ASPEN ” Aspen Mayor Mick Ireland said Wednesday he plans to make a motion at the March 23 City Council meeting to pull the Lift One Master Plan off the May 5 ballot.

If a council majority rescinds the ballot measure, Aspen voters will not decide the fate of nearly 300,000 square feet of commercial and residential development on the Lift 1A side of Aspen Mountain.

Developers John Sarpa and Bob Daniel, along with David Myler, the attorney representing them, met with Ireland and City Attorney John Worcester on Wednesday to discuss the logistics of making amendments to Ordinance 34, which governs the Lift One Master Plan and is what Aspen residents would vote on in May.



“They have some ideas about cutting down the scale and mass substantially,” Ireland said, adding one possibility is that the developers could revise the master plan and come back in front of a new council for approval.

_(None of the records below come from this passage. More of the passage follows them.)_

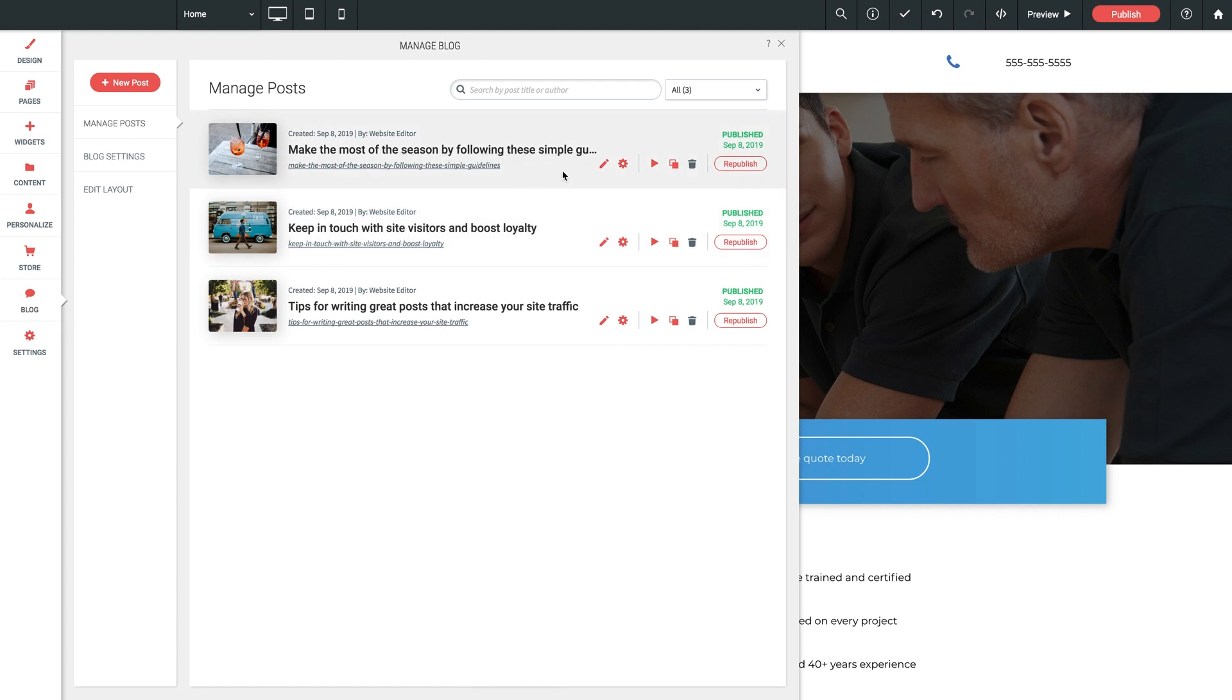Now, if I were to click directly on the post, it would bring me right into the editor page to customize the blog itself, and we're going to dive into that in the very next video here. However, over to the right here, we have a variety of tools right here at our disposal. First one here is our Edit feature. Brings us to that same editor page I just explained.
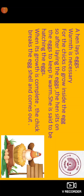Now we will see how a chicken is born. A hen lays an egg. Warmth is necessary for the chicks to grow inside the egg. So after laying the egg, the hen sits on the egg to keep it warm. She is said to be hatching her eggs. When its growth is complete, she breaks the eggshell and comes out. When a hen is hatching her eggs, she becomes aggressive for fear of their safety. She attacks anyone who tries to go near the eggs.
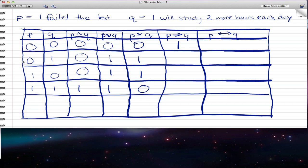In the second column, you passed the test but you will still study two more hours each day. Again, you didn't break your rule. You only break your rule if you failed the test and you didn't study. In the third row, you failed the test but didn't follow the rule — you didn't study two more hours each day. So you broke the rule, and you give it a zero. If you failed the test and you did study two more hours each day, then you actually followed your rule, and that is given a one.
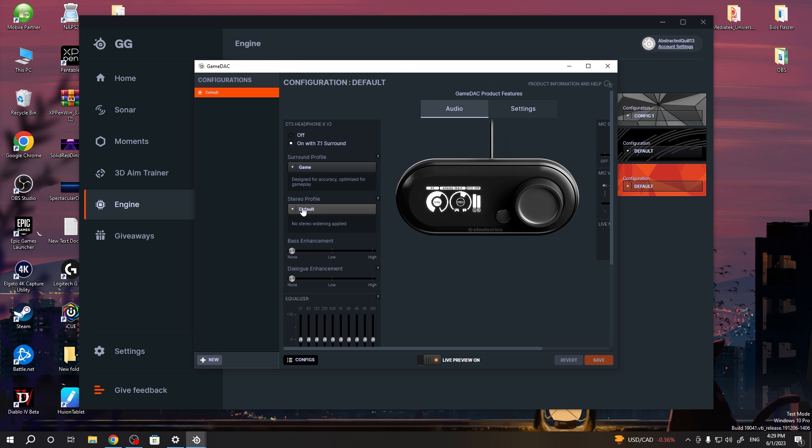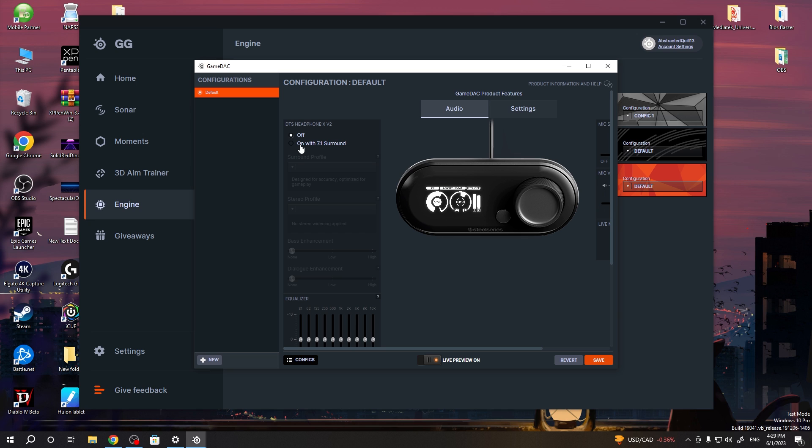Now let's click on that game deck, and we can move to the DTS headphones and enable 7.1 surround right here, or you can disable it by clicking off.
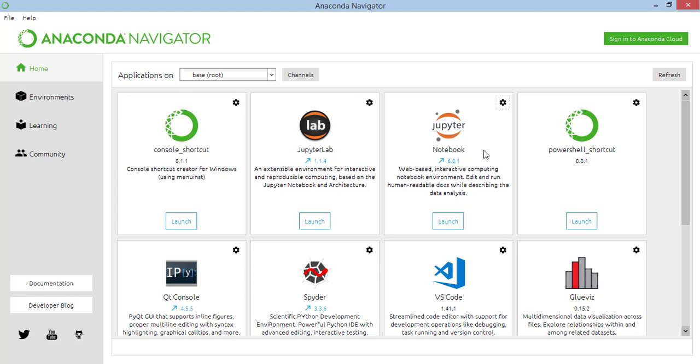Here I'm in Anaconda Navigator and this is the Python environment which I am using here. And these are the IDEs which you can use.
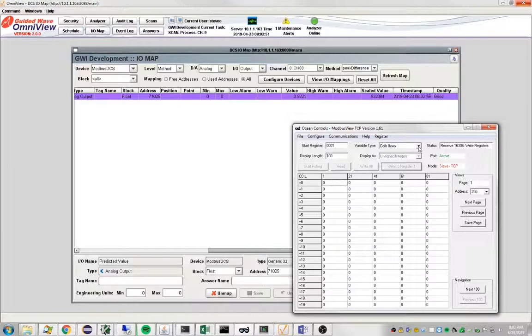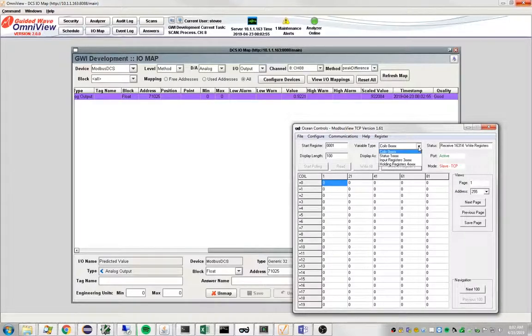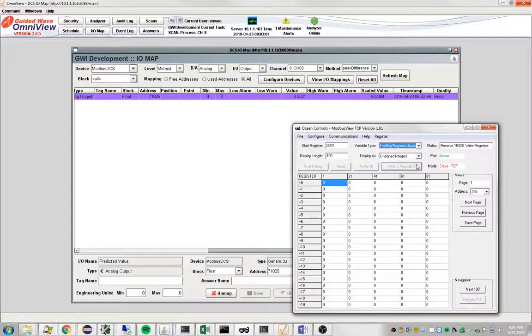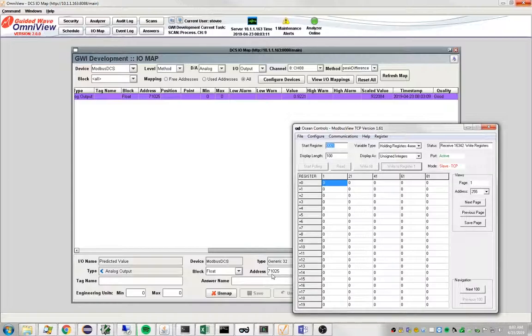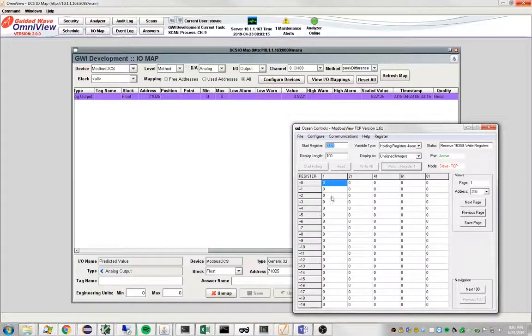To see our number, I have to do a couple things here. I need to go to holding registers and I need to go to the right address. Our address that we use in Omniview is 71025, but we subtract 70,000 from that so the address is really 1025.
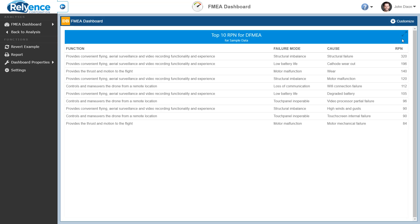Now, we can see that the dashboard has updated so the Top 10 RPN for DFMEA widget is maximized to the full screen width. To return to the original dashboard view, click the Maximize and Minimize icon on the top right of the widget again.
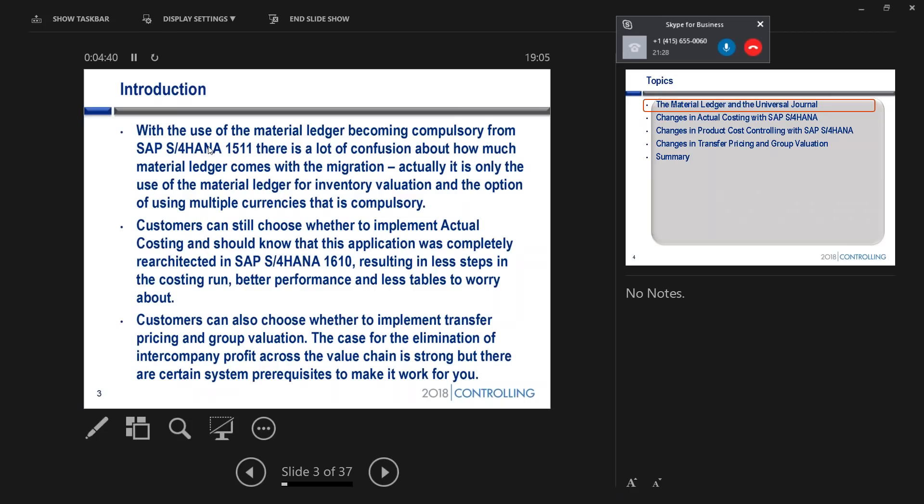The really good thing about re-architecting the solution for HANA is that it's become massively faster. We've completely redesigned it.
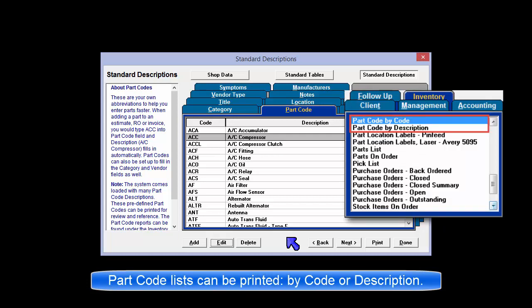Two part code reports can be found under the Inventory tab of Reports. They are sorted by either part code or description.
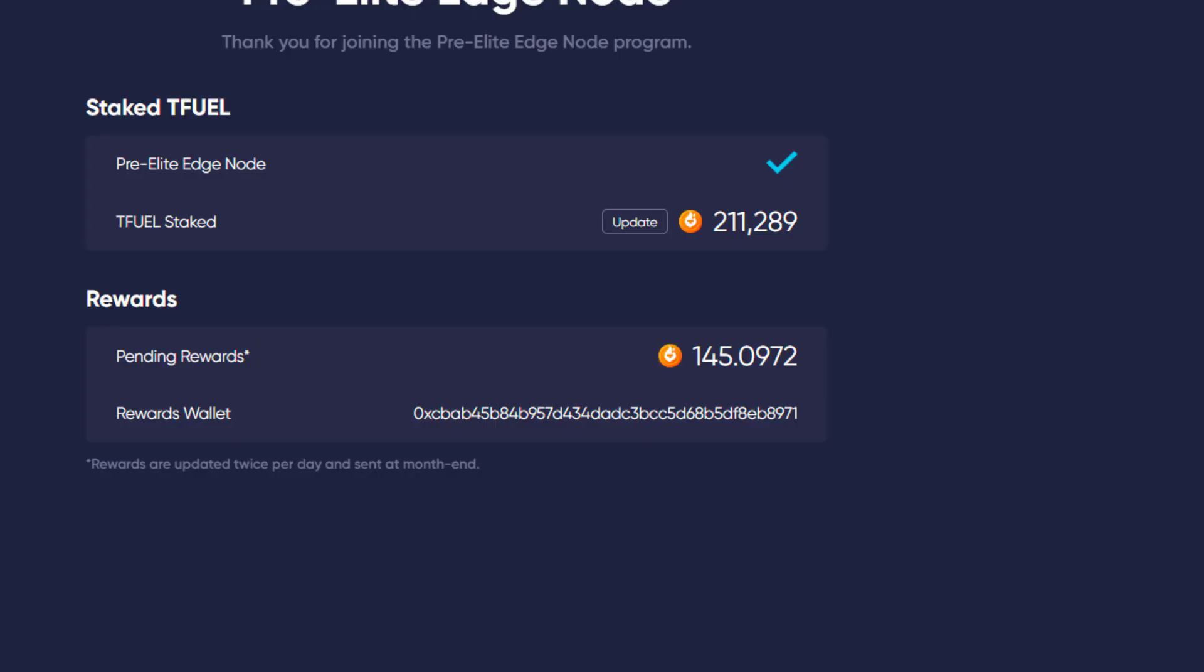Well it's Monday morning right after the 6 a.m. update. The current TFUEL staking rewards are 145.0972 and I, previous to the 6 a.m. update, disabled the edge caching and the edge computing so that we could see if this number updates after 24 hours with those two things turned off.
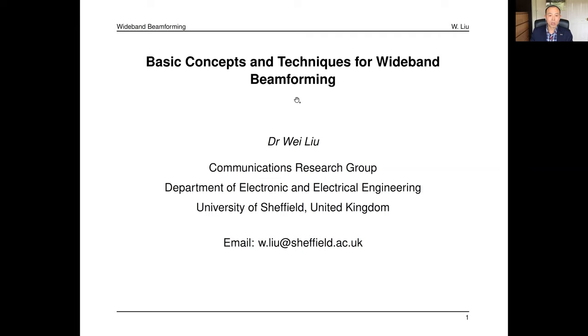Welcome to this tutorial about basic concepts and techniques for wideband beamforming. My name is Wei Liu from the University of Sheffield, UK.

That change in plans is a result of time running out for Sarpa and Daniel to make 11th-hour changes to the Lift One Master Plan.




Any changes to the ordinance must be approved by the Aspen City Council on March 23, which is the deadline to make amendments to or rescind a ballot measure.

That gives officials and developers only a few days to hash out possible changes that address the size of Sarpa’s proposed Lodge at Aspen Mountain, as well as the affordability of its rooms.

“It’s highly unlikely that they can make changes,” Worcester said. “It will be very difficult to get something before the 23rd, and it probably won’t happen.”

After six months of work by a citizen task force known as the Lift One COWOP to create and recommend a master plan for the area, the City Council ” after elected officials were split in a tie vote on approving it ” voted in January to send the development proposal to Aspen voters.

The amendments could involve reducing the size of the Lodge at Aspen Mountain ” a 175,000-square-foot hotel and ownership lodge that is being proposed by Sarpa’s Centurion Partners on South Aspen Street. Guarantees that some of the rooms are moderately priced also are contemplated as amendments to the ordinance.

The other major piece of the master plan is the Lift One Lodge proposed by developers David Wilhelm, Jim Chaffin and Jim Light under the auspices of Roaring Fork Mountain Lodge Aspen LLC and represented by Daniel. It would be 130,000 square feet and built below Lift 1A, in part where the Holland House once operated.

Ireland said one possibility is that the COWOP task force could be reconvened to help shape a smaller development, and critics of the proposal who planned to campaign against a May ballot measure also could be brought in to get consensus, he said.

Sarpa and Daniel were unavailable for comment Wednesday afternoon. Several sources have said Sarpa and Daniel have been considering pulling the ballot question because it’s become apparent, based on weeks of phone surveying of residents, that it will fail at the polls.

Ireland said holding off is the best choice, since the task force was rushed in getting its work done, and, as a result, couldn’t address the mass and scale of the mixed-use project. Ireland added that the council’s deadlocked vote on the master plan is a blessing of sorts.

“Had we approved it, we’d be locked into that language, and that would have been extremely divisive,” he said, adding he hopes a consensus can be reached in the community on a new proposal and it won’t have to go to a public vote in the future.